Dem Online-Musikmagazin "Laut.de" sagte Hosking: "Wenn ich irgendwo ins Licht sah, brannten meine Augen. Und jedes kleinste Geräusch verursachte große Ohrenschmerzen." Zwei Jahre lang habe er in vollkommener Isolation gelebt. "Tagsüber wollte ich einfach nur meine Augen schließen und mich verkriechen. Und nachts konnte ich vor lauter Angst und Schmerzen nicht schlafen", sagte er.

Mitwippen im Tanzmodus

Nach Berlin hatt die Band ihr neues, viertes Album "Suck On Light" mitgebracht. Komponiert haben es Gitarrist Killian Gavin und Drummer Tim Hart in einer Zeit, als die Zukunft der Band noch in der Schwebe hing. Dementsprechend prominent sind die beiden auf der Bühne platziert: Drums und Gitarre am vorderen Bühnenrand rahmen Sänger Dave ein. Dessen rauchig-brüchige Stimme ist die DNA der australischen Indierock-Formation, sie verschwindet hin und wieder zwischen dramatischen Gitarrensoli und schnellen Basslinien. Dave Hosking hat direkt am Mikrofon ein Drumpad aufgebaut, bei einigen Songs spielt er Akustikgitarre oder Schellenring.

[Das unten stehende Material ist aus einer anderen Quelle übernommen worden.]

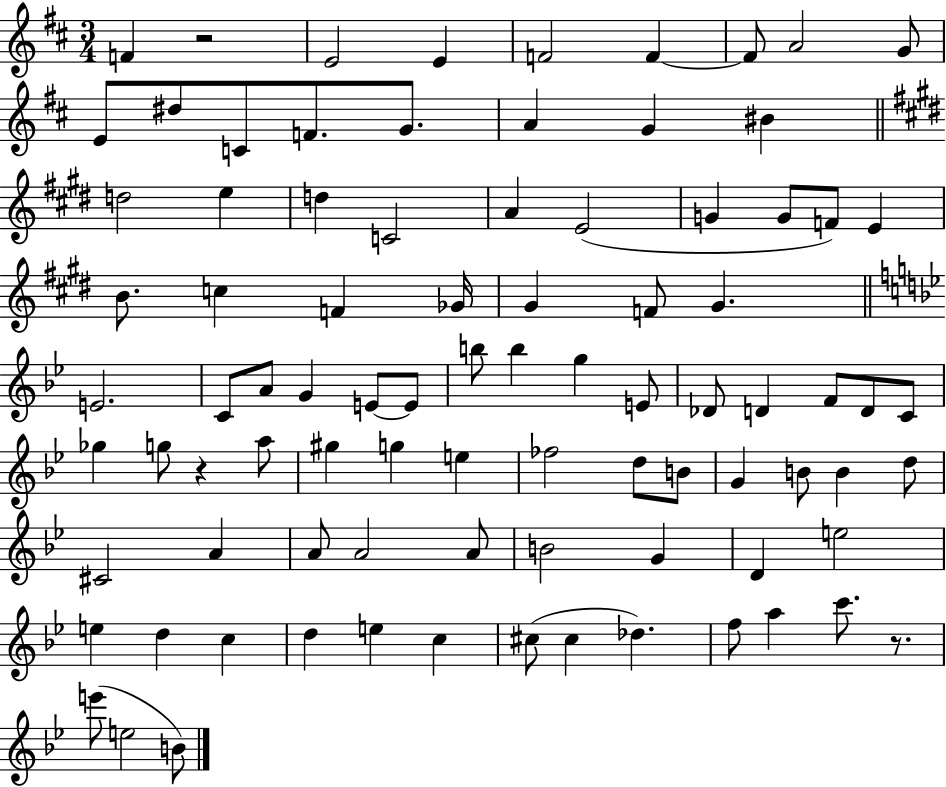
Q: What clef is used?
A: treble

Boy & Bear sind das erste Mal nach vier Jahren Abstinenz wieder in Europa auf Tour und können sich auf viele treue Fans verlassen. Wohl fühlen sie sich hier in Berlin, sagt Sänger Dave, das Lido ist rappelvoll. So erleichtert die Menschen über die Rückkehr von Boy & Bear auch sind, richtig euphorische Atmosphäre will sich am Samstagaben nicht einstellen. Da ist der eine Typ an der Bar, der laut und textsicher mitsingt. Ansonsten ist bei den mehreren Hundert Menschen im Saal eher Mitwippen im Tanzmodus angesagt.

Nun auch mit Zugaben

Boy & Bear strahlen in den mehrstimmigen Satzgesängen und den leisen Teilen ihrer Balladen. Männer mit Gefühl sind sie, ganz ohne große Bühnenshow. Das ist ehrlich wie Gitarrenmusik am Lagerfeuer. Sie wirken dabei aber auch ein bisschen müde, so als ob sie direkt vom Bett im Tourbus auf die Bühne gefallen wären.

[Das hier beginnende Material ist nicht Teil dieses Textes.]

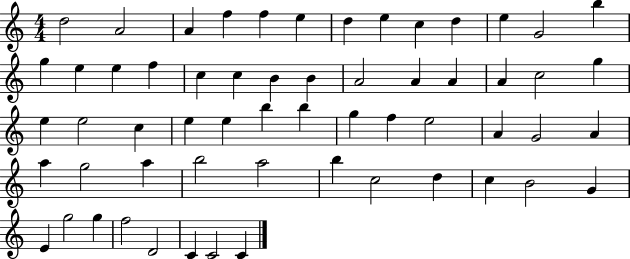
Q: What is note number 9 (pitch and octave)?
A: C5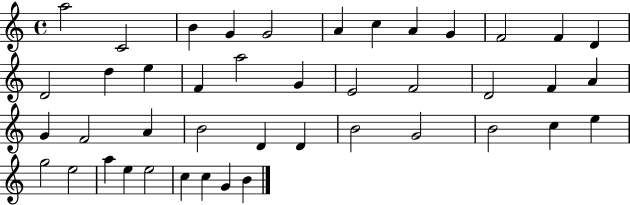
X:1
T:Untitled
M:4/4
L:1/4
K:C
a2 C2 B G G2 A c A G F2 F D D2 d e F a2 G E2 F2 D2 F A G F2 A B2 D D B2 G2 B2 c e g2 e2 a e e2 c c G B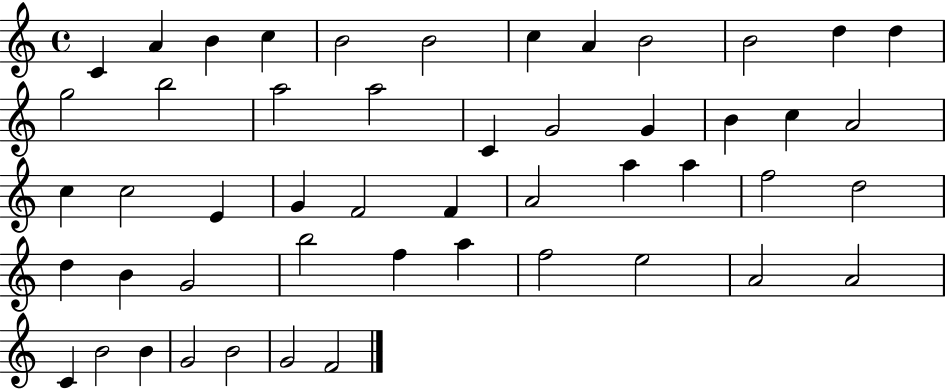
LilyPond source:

{
  \clef treble
  \time 4/4
  \defaultTimeSignature
  \key c \major
  c'4 a'4 b'4 c''4 | b'2 b'2 | c''4 a'4 b'2 | b'2 d''4 d''4 | \break g''2 b''2 | a''2 a''2 | c'4 g'2 g'4 | b'4 c''4 a'2 | \break c''4 c''2 e'4 | g'4 f'2 f'4 | a'2 a''4 a''4 | f''2 d''2 | \break d''4 b'4 g'2 | b''2 f''4 a''4 | f''2 e''2 | a'2 a'2 | \break c'4 b'2 b'4 | g'2 b'2 | g'2 f'2 | \bar "|."
}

Die emotionale Lücke zwischen Bühne und Saal will sich den ganzen Abend über nicht schließen. Am ehesten noch in dem Moment, als Boy & Bear frenetisch für Zugaben auf die Bühne geklatscht werden. Noch bei ihrer letzten Tour haben sie darauf verzichtet. Beim Cover von Jonathan Jeremiahs "Heart Of Gold" huscht ein erleichtertes Grinsen über das Gesicht des Sängers Dave Hosking. Zum Ende hin haben sich Boy & Bear und das Publikum ganz gefunden. Schade, dass es dafür bis zur Zugabe gedauert hat. Noch ein paar Songs mehr, und die australischen Indierock-Männer mit Gefühl hätten sich wahrscheinlich komplett freigespielt.